Here briefly, the more complex sorting factors are as follows:

Time segment sort: the time range is within half a year, the sorting factor depends on the next level of sorting factor, the time range is outside half a year, depending on the distance of time.

Function result sorting: The sorting factor is the result of a function calculation, not a direct database Column, and the result of a function calculation cannot be directly ordered BY, such as a string number.

Through the above analysis, the core point of reducing the total number of loops is to move the sorting from the Java layer to the SQL layer. The advantages are as follows:

Reduce I/O
Reduce data copying from the C layer to the Java layer

Therefore, the key implementation point here lies in the realization of the intermediate transformation function. The intermediate transformation function MMRank of wechat is realized by the auxiliary function of FTS5.

MMRank is implemented by converting all sorting factors into a 64-bit Long value, with the highest-priority sorting factors placed high and the lower-priority sorting factors placed low. The final SQL is as follows:

Special optimization – Chat search optimization

Wechat full text search has a more special search task, is chat records.

As shown in the figure:

The number in the red circle indicates the number of chats in this session that contain the keyword “I”, and the order of the session is the active time of the session.

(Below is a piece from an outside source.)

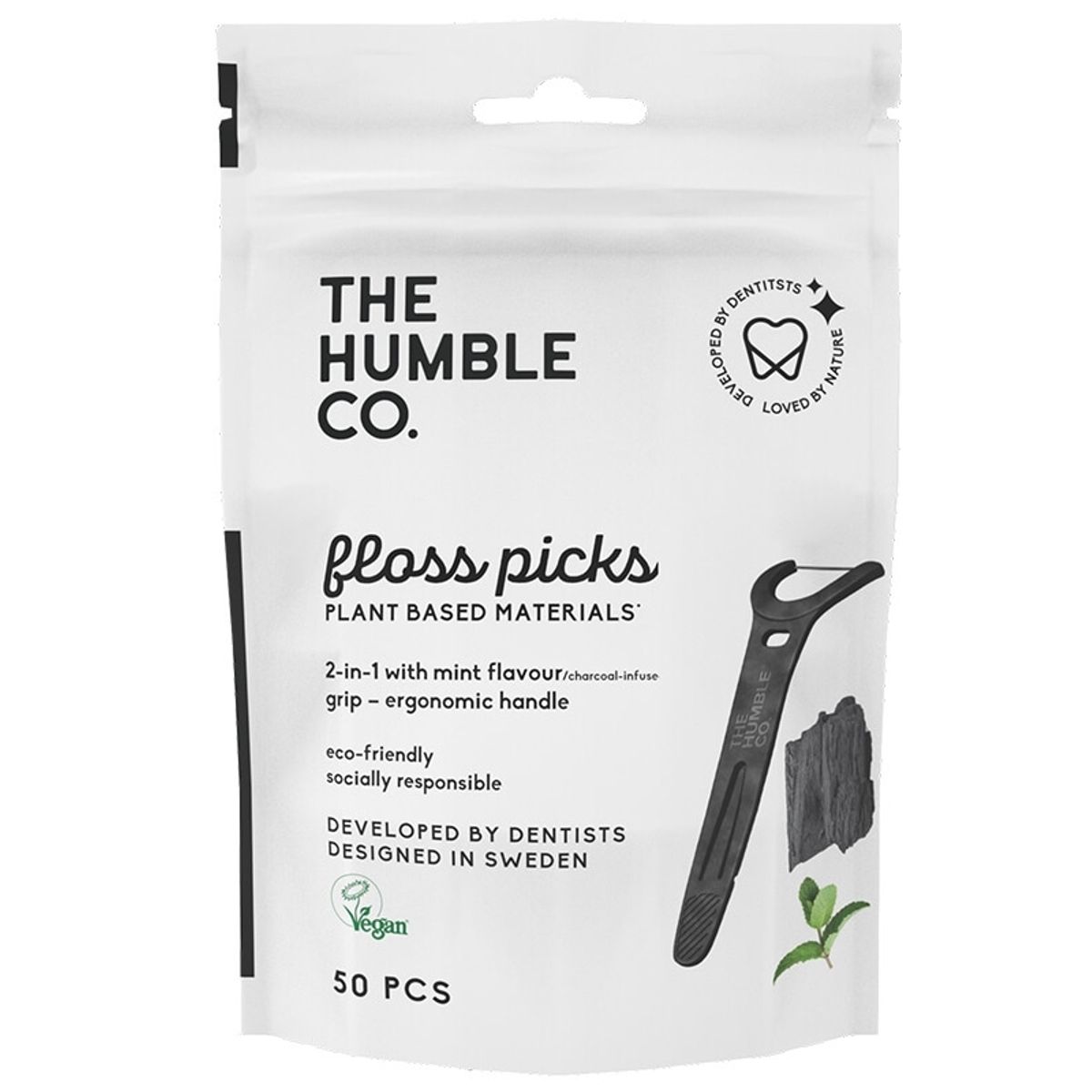 Humble Natural floss picks-grip handle charcoal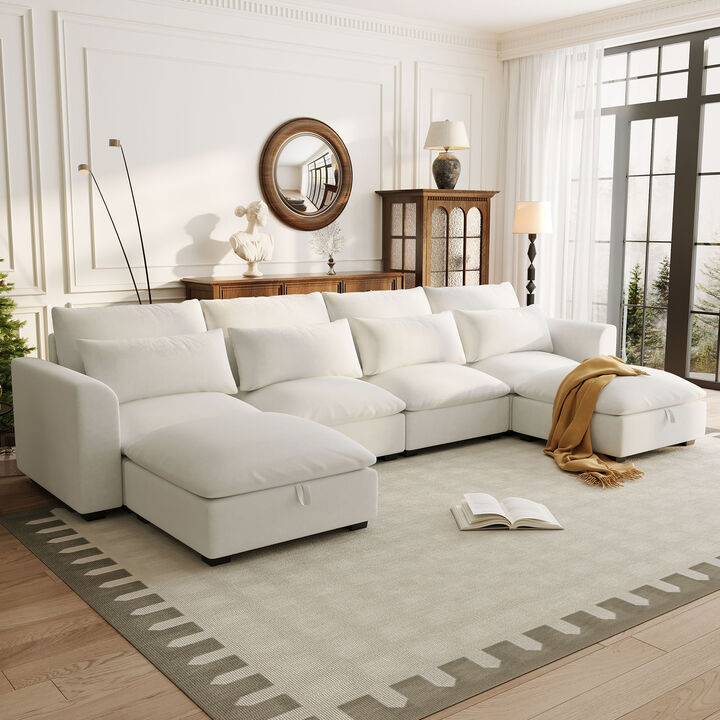 Merax Modular Corner Sofa with 2 Ottomans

The search of wechat chat records has the following two characteristics:

Have statistical properties
The number is very large (single keyword hit up to 200,000)

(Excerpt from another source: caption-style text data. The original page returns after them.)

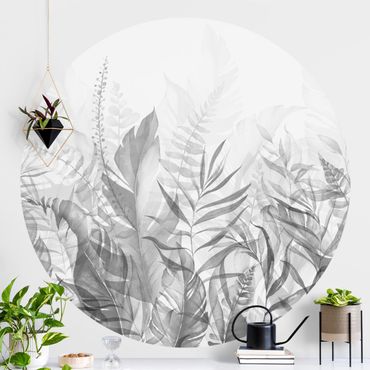 Papier peint rond autocollant - Botany - Tropical Leaves Grey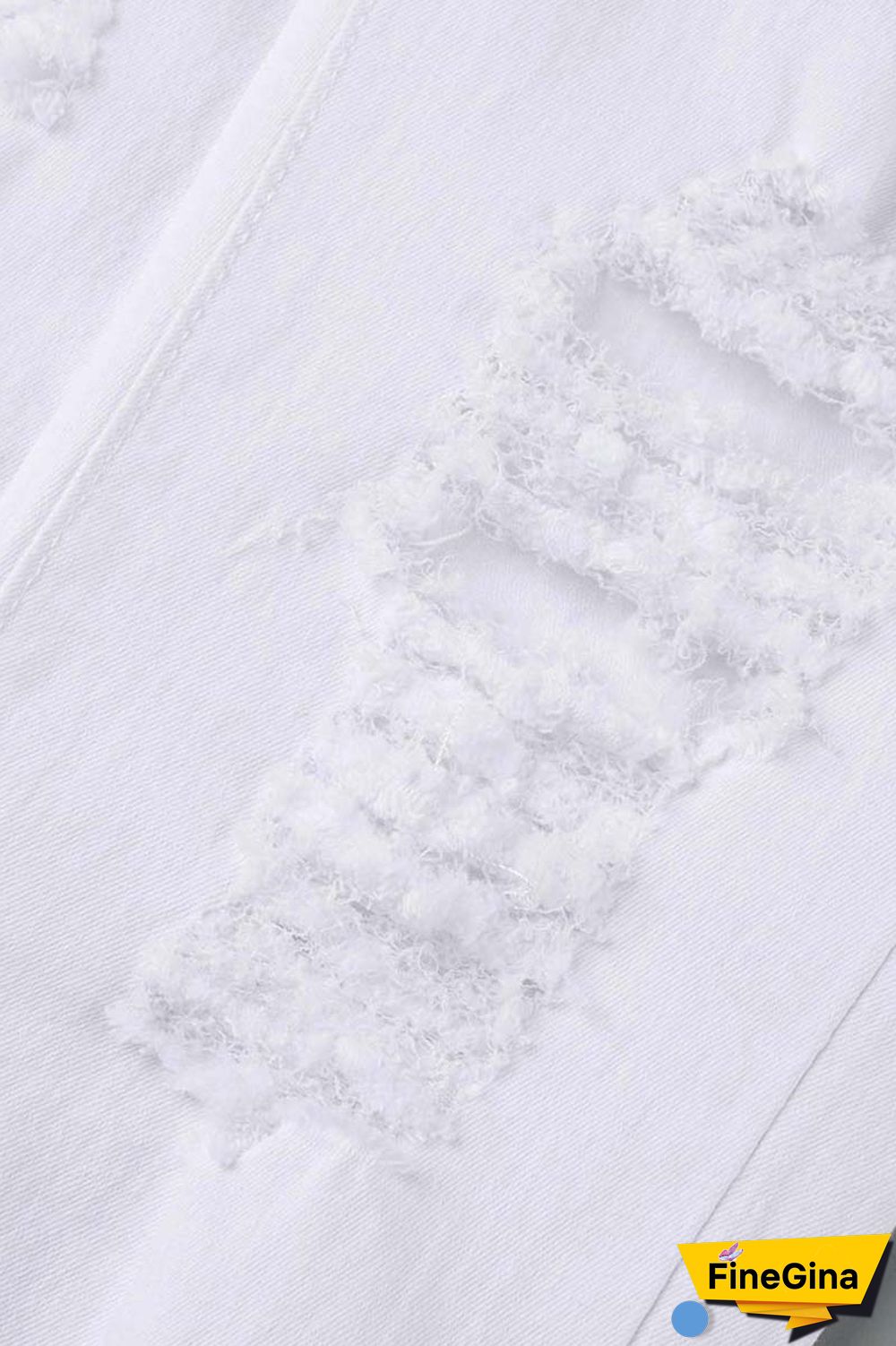 White Casual Solid Ripped Patchwork High Waist Skinny Denim Jeans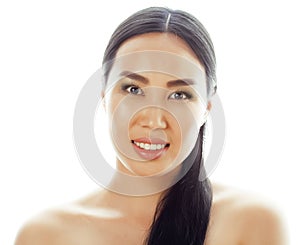 Asian woman beauty face closeup portrait. Beautiful attractive mixed race Chinese Asian / Caucasian female model with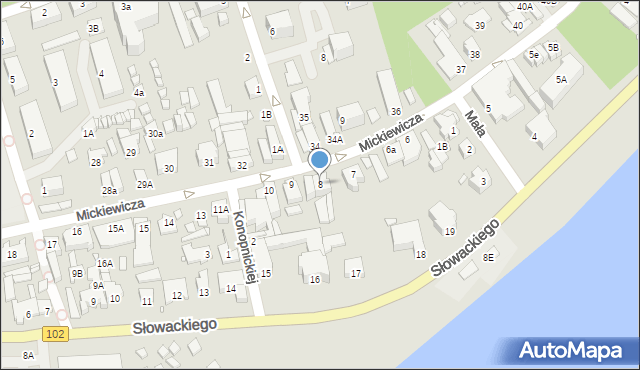 Dziwnów, Mickiewicza Adama, 8, mapa Dziwnów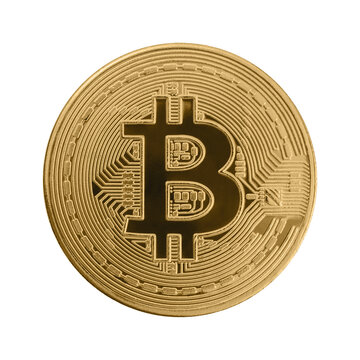Golden Bitcoin on white background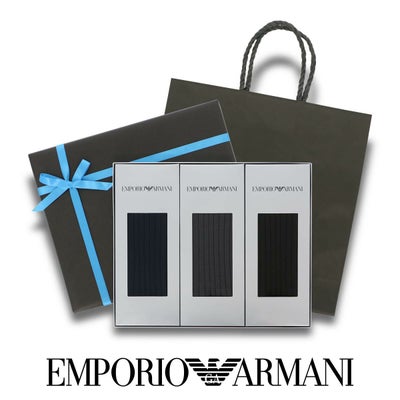 【送料無料】EMPORIOARMANI（エンポリオアルマーニ）メンズソックスオールシーズン用靴下Dressリブクルー丈ソックスブランド靴下3足組ギフトセット男性メンズプレゼント贈答ギフトEA-3P-RBポイント10倍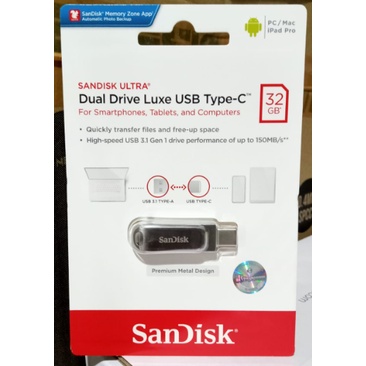 FLASHDISK SANDISK DUAL DRIVE LUXE TYPE C 32 GB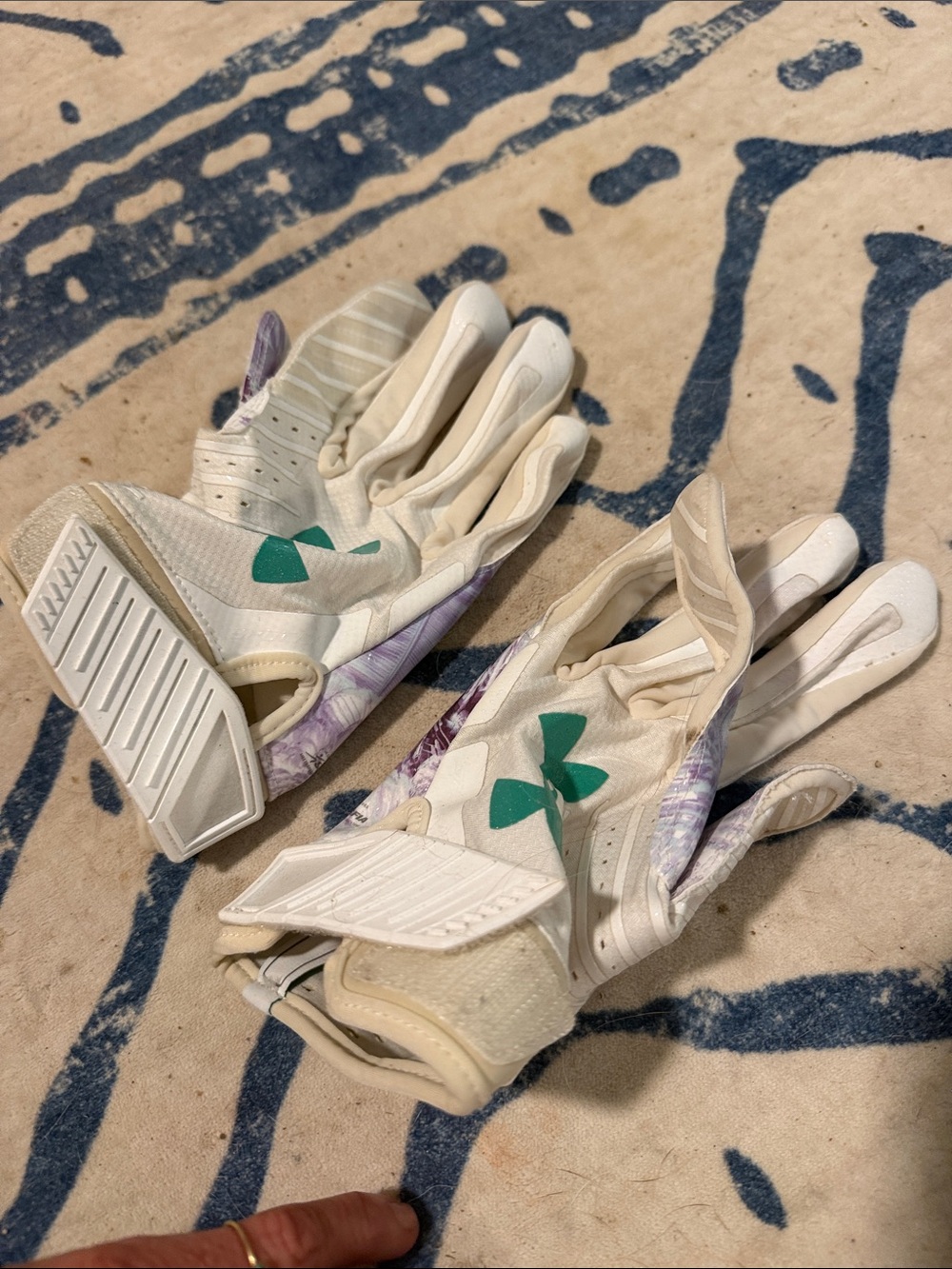 Under Armour White Batting Gloves with Teal Logo and Lavender Accents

As can be seen from the search flow chart, wechat initially adopted the scheme of counting and sorting in the Java layer, which is not desirable in the case of big data. Given the previous analysis that the number of cycles reduced can be returned through paging, the core of which is to move sorting from the Java layer to the SQL layer, optimization 1 is presented.

Optimization plan 1: Group By

Implement SQL as follows:

In this scheme, the number of hit chat records is directly counted By Group By in the SQL layer and sorted By the latest time, but there are obvious defects:

Unable to use index acceleration: When GroupBy and Order Derby are used together, The order Derby field must contain GroupBy for the index to be hit, because using GroupBy generates intermediate subtables.
Full calculation: GroupBy calculates the number of matched chat records at the SQL layer. All sessions are counted. In the figure above, only three sessions need to be counted, which wastes a lot of resources.

Optimization scheme 2: step by step calculation

In view of the problem of full calculation in scheme 1, the method of step by step calculation is adopted.

Step 1: Find the last three active sessions

Conv1,conv2,conv3, then execute the following SQL to get the number of hits for each of the three sessions

However, there are problems with this approach, requiring multiple SQL executions.

Optimization plan 3: MessageCount

Since scheme 2 requires multiple SQL, you can customize the aggregation function to achieve one-time statistics. Perform the following steps:

Step 1: Find the last three active sessions

Get sessions conv1,conv2,conv3, and then execute the following SQL

The number of hits of three sessions can be obtained at one time.

The last

After optimization, the average time of each task for all users of wechat full-text search is less than 50ms, while the average time of each task for heavy users is less than 200ms, and the average time optimization range is more than 5 times.

There are a lot of further optimizations to be made. For example, when computing highlights, you can save some time by adding byte offset directly to DocList’s data structure.

Finally, I hope I can share some value to everyone, welcome to leave a message exchange.